--- START ---
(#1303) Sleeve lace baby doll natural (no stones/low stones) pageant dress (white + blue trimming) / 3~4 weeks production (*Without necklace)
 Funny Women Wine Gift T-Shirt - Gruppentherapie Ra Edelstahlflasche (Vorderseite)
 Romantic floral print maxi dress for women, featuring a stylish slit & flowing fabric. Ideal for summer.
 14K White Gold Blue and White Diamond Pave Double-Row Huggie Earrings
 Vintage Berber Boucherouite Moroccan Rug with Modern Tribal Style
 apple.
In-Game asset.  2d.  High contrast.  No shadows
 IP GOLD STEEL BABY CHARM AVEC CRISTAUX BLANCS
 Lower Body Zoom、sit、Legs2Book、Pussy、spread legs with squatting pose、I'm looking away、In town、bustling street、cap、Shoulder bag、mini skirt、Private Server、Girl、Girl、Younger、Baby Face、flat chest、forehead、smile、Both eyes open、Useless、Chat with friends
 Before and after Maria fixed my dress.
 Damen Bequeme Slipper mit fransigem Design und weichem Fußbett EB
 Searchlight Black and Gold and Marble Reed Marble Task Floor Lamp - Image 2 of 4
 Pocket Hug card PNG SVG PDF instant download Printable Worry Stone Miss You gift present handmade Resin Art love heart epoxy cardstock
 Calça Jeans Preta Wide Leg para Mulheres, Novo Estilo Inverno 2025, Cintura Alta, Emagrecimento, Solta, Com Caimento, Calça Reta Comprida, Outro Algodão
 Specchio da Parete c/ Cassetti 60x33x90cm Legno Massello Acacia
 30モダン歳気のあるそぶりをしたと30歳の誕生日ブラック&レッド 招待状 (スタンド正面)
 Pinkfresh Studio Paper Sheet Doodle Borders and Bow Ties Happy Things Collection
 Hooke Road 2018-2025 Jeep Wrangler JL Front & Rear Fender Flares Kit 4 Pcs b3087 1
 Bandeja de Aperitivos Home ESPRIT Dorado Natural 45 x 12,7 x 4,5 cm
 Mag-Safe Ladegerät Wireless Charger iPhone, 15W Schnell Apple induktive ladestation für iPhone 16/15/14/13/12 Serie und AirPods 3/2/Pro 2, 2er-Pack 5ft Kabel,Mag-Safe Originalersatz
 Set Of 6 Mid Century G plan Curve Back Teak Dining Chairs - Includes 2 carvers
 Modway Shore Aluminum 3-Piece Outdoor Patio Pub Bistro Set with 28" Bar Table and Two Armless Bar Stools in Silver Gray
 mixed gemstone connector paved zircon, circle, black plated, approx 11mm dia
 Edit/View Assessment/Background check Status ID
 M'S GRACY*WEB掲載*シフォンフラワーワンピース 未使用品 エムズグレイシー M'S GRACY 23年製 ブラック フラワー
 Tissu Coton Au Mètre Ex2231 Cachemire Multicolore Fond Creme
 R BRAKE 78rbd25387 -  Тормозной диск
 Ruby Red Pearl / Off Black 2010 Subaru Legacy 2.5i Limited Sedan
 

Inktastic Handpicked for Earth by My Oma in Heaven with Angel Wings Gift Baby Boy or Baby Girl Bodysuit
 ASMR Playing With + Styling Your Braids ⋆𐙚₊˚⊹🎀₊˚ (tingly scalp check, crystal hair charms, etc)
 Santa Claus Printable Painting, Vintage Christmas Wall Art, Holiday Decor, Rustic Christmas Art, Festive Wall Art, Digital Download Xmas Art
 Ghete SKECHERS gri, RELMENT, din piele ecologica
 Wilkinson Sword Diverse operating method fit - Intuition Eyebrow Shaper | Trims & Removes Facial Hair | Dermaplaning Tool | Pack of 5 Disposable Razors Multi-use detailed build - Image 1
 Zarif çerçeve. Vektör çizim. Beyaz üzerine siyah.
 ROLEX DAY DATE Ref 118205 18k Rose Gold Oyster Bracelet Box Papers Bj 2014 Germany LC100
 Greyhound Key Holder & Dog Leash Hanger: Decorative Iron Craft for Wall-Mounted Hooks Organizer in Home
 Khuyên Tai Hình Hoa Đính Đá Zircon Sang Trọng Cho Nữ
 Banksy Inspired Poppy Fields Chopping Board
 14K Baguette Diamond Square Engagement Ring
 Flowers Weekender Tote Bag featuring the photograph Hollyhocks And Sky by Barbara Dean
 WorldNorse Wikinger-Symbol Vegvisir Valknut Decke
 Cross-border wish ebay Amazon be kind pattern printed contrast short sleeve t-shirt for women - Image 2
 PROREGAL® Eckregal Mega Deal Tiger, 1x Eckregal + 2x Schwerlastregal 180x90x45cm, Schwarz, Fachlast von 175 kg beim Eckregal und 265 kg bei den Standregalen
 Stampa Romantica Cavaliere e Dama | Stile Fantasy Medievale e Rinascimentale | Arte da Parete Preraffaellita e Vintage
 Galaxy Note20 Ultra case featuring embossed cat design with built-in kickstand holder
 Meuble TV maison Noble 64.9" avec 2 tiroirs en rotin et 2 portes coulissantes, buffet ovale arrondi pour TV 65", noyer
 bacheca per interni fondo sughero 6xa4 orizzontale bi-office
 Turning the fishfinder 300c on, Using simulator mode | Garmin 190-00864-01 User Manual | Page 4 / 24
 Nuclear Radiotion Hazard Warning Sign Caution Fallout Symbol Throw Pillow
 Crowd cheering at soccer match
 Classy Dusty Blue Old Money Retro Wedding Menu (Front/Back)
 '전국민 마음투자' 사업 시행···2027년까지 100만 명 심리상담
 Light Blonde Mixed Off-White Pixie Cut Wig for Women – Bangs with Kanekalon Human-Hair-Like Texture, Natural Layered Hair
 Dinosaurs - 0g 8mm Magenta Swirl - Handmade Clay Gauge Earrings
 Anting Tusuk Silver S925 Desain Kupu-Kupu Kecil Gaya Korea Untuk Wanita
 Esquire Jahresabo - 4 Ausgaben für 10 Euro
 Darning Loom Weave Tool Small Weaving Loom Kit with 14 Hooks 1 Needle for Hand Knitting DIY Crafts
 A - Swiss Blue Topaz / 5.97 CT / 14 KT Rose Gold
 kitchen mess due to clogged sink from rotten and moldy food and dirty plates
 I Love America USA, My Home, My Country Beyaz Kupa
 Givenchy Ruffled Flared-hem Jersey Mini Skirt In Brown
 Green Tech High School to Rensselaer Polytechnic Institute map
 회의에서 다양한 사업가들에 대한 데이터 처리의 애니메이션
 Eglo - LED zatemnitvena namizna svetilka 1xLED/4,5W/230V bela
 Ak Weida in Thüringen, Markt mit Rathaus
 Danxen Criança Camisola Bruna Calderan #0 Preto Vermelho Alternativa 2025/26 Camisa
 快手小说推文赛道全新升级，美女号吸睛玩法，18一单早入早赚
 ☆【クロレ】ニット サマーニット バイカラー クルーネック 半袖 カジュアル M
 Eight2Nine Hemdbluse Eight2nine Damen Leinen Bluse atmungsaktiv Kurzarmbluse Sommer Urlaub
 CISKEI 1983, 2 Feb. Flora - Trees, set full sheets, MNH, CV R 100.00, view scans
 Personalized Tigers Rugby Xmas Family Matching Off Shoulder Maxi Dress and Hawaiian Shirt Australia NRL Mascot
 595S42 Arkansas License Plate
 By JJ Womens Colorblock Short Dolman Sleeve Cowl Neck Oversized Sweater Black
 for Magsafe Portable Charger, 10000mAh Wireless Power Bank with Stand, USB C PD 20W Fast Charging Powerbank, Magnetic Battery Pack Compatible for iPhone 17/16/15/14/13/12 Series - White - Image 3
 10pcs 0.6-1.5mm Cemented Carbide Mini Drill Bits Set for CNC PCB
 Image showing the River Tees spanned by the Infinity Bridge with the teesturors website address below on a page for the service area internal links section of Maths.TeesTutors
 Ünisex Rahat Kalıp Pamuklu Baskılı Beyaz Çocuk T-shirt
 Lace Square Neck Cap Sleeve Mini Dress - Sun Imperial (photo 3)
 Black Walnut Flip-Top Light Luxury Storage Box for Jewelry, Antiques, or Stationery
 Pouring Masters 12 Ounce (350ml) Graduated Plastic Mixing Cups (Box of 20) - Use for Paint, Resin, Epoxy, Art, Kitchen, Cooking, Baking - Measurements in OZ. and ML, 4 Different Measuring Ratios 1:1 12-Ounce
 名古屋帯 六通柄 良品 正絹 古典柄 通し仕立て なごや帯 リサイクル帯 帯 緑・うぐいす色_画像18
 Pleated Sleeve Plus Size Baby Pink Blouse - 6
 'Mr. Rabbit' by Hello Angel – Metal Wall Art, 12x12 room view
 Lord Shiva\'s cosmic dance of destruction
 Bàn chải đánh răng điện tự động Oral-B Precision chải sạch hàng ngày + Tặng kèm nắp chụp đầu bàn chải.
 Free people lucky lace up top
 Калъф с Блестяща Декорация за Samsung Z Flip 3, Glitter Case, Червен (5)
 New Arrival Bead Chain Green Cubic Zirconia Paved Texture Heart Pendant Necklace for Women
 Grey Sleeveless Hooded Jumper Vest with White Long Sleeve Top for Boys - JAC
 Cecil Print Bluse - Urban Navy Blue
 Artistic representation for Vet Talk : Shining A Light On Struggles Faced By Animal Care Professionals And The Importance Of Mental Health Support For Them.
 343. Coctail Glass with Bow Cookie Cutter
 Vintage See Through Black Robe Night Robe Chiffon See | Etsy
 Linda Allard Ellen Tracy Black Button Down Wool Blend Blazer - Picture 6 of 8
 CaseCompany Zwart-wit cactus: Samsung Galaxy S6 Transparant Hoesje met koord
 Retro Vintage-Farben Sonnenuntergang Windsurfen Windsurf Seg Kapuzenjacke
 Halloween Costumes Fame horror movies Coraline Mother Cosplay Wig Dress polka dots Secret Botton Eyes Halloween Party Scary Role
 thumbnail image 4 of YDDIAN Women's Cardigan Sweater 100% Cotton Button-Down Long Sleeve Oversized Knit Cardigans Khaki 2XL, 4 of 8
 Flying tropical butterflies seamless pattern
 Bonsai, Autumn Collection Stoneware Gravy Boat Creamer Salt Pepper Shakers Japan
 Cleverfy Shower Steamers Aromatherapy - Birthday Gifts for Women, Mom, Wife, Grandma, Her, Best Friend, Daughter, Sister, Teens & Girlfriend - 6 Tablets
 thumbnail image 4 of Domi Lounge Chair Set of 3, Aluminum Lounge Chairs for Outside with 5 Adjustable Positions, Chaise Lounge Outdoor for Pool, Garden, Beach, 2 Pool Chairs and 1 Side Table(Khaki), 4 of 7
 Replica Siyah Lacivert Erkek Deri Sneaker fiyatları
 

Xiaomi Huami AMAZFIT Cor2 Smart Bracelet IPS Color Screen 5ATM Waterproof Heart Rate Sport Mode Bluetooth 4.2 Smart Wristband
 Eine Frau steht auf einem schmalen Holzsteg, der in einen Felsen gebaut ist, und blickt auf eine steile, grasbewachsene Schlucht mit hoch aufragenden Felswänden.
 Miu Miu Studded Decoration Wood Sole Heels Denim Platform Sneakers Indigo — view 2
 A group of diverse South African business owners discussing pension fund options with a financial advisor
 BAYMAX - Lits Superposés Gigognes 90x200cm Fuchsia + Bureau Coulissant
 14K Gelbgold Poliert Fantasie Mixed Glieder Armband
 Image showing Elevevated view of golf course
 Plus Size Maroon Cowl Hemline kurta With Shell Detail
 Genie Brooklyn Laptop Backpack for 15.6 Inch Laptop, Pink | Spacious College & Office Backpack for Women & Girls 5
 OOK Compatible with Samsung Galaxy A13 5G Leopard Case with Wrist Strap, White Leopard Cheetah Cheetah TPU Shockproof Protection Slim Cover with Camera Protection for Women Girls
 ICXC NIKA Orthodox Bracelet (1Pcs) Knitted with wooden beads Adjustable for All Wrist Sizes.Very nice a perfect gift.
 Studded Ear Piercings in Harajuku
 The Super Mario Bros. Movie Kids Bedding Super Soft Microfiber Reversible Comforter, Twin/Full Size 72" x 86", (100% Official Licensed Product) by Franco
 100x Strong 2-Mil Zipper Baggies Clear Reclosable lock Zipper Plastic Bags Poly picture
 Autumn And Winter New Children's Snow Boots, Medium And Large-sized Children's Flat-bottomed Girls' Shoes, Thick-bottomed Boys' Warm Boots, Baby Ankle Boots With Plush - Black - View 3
--- END ---
### WHAT IS BEING ASKED
Transcribe the records above from the line holding "Tissu Coton Au" down to the line holding "Inktastic Handpicked for", inclusive, without adding anything.

### RESPONSE TO THIS TASK
 Tissu Coton Au Mètre Ex2231 Cachemire Multicolore Fond Creme
 R BRAKE 78rbd25387 -  Тормозной диск
 Ruby Red Pearl / Off Black 2010 Subaru Legacy 2.5i Limited Sedan
 

Inktastic Handpicked for Earth by My Oma in Heaven with Angel Wings Gift Baby Boy or Baby Girl Bodysuit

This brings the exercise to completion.